There’s a ton of innovation right now in decentralized finance (DeFi), but crypto lending more broadly – sometimes called centralized finance (CeFi) – just got a whole lot smarter, too.
Announced Thursday, San Francisco-based trading tech firm X-Margin and cryptocurrency custody provider Fireblocks are working to standardize the fragmented state of lending and borrowing of digital assets for institutional trading. The first users of this institutional credit sourcing platform are lending giant Celsius and crypto hedge fund Dunamis Trading.
Unlike traditional capital markets, cryptocurrency trading began with retail and then gradually evolved towards institutional finance – as opposed to the other way round. A vibrant lending industry has since emerged to take advantage of inefficiencies, such as where firms have to pre-fund accounts at many different exchanges and trading venues. (In the traditional markets, traders only need to have capital at their prime broker, who will allow them to trade across many venues.)
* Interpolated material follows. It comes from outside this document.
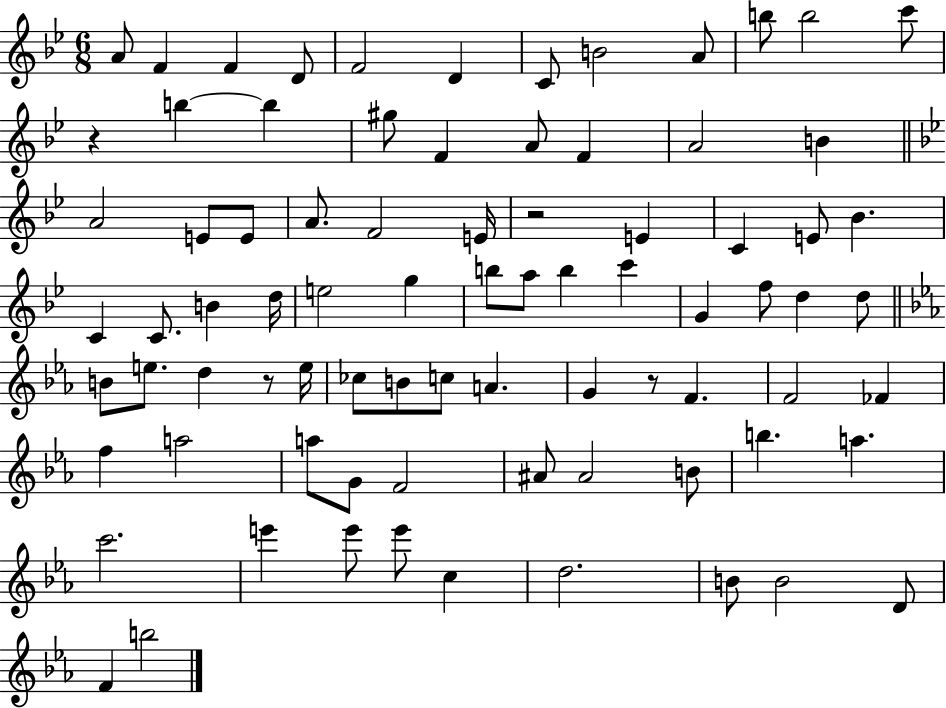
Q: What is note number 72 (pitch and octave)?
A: D5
Meanwhile, crypto’s unique and nascent infrastructure allows for plenty of arbitrage opportunities so capital-hungry traders are happy to pay high interest rates.
To iron out some wrinkles and finesse more of a prime brokerage feel to crypto trading, X-Margin has created a privacy-preserving credit management system for lenders and institutions. The partnership with Fireblocks ensures there’s a safe and secure walled garden for cross-exchange lending.
“The problem right now for crypto traders is that to get loans or receive leverage from lenders like Celsius or BlockFi, they need to over-collateralize,” Fireblocks CEO Michael Shaulov said in an interview. “So for every dollar of bitcoin they borrow, they have to post a dollar-point-two as collateral for the safety of the loan. Borrowers are suffering because they can’t get cheap loans and lenders are at risk because they lack visibility.”
Using the X-Margin Credit system, if Celsius is going to lend to a hedge fund like Dunamis, the fund’s risk profile is made available on the fly, based on all the positions it has across venues like Binance, BitMEX or Deribit, for example. This is done using anonymous data thanks to zero-knowledge proofs (ZKPs), so the lender is not privy to the hedge fund’s whole trading strategy.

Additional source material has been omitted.